On April 29, 2015 8:20:32 PM PDT, bugs@schedmd.com wrote:
>http://bugs.schedmd.com/show_bug.cgi?id=1622
>
>--- Comment #3 from Jason Coverston <jcovers@cray.com> ---
>Hi Danny,
>
>The patches look very good!
>
>We tested with sched_min_interval=1000000 today on the system.
>
>Everything went well, until we tried 3 x 10,000 array element jobs.
>
>The 3 x 10,000 array element job locked up the controller daemon with
>this
>setting and we saw the "unbound" reservations appear in apstat. Jobs
>dropped to
>zero eventually.
>
>We killed off everything and bumped it to sched_min_interval=2000000.
>The
>controller daemon eventually locked up again. 
>
>We had to end our test session after this unfortunately and could not
>test with
>a higher setting. If you have any input on what a good setting would be
>please
>advise.
>
>Thanks!! 
>
>Jason
>
>-- 
>You are receiving this mail because:
>You are on the CC list for the bug.
>You are the assignee for the bug.

Comment 5 Jason Coverston 2015-04-30 06:01:55 MDT

Hi Danny,

Will do.

What is the impact of setting this sched_min_interval parameter to 2000000 or
perhaps to a higher value such as 3000000 or 4000000?
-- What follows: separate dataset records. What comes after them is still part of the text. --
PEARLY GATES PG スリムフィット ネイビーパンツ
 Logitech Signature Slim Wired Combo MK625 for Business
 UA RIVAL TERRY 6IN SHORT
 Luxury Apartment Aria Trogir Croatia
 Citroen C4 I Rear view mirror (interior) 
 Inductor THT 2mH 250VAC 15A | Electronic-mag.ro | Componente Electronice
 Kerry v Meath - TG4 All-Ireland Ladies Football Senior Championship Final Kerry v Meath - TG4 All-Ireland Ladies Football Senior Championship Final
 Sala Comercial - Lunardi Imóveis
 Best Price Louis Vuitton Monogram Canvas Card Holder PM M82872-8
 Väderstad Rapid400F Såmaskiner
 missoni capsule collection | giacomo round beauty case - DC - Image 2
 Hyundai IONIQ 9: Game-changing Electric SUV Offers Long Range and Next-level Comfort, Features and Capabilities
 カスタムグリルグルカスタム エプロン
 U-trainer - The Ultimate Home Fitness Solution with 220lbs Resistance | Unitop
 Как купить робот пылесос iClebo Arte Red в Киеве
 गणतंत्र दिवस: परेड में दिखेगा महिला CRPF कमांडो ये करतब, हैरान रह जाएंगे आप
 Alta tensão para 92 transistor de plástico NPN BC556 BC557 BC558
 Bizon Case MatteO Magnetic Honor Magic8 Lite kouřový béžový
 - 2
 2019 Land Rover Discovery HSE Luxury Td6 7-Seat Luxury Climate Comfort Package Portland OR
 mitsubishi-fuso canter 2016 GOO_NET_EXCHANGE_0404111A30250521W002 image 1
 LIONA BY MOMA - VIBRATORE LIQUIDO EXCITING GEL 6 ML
Would a higher value be exepcted to avoid the problems seen with the 3 x 10,000
array element job, and allow that test to complete?

Also, could the job launch rate be affected the higher we go with the interval setting?

Comment 6 Danny Auble 2015-04-30 06:13:01 MDT

All that means is there is more time between scheduler runs.  It at worst will only slow scheduling a chunk of jobs by that time period.

I would have expected the 1000000 to solve the problem.  Since this happens on 100000 and 2000000 it really points to something else unknown at the moment.  Can you test on Crystal and see if you can reproduce?  I am hoping if we get a backtrace while it is happening we will be able to see the bottleneck.

Since scheduling jobs is linked to job launch rate it would affect it, but not dramatically unless the number was really high (in the 10s of seconds).

Comment 7 Danny Auble 2015-04-30 07:01:46 MDT

Jason, would you be able to get some logs from the slurctld and slurmd while this issue was happening?

Comment 8 Danny Auble 2015-04-30 10:02:48 MDT

Jason could you also attach the slurm.conf on the system?

Comment 9 Danny Auble 2015-05-18 10:02:02 MDT

Looks like the current state is acceptable.  Please reopen if needed.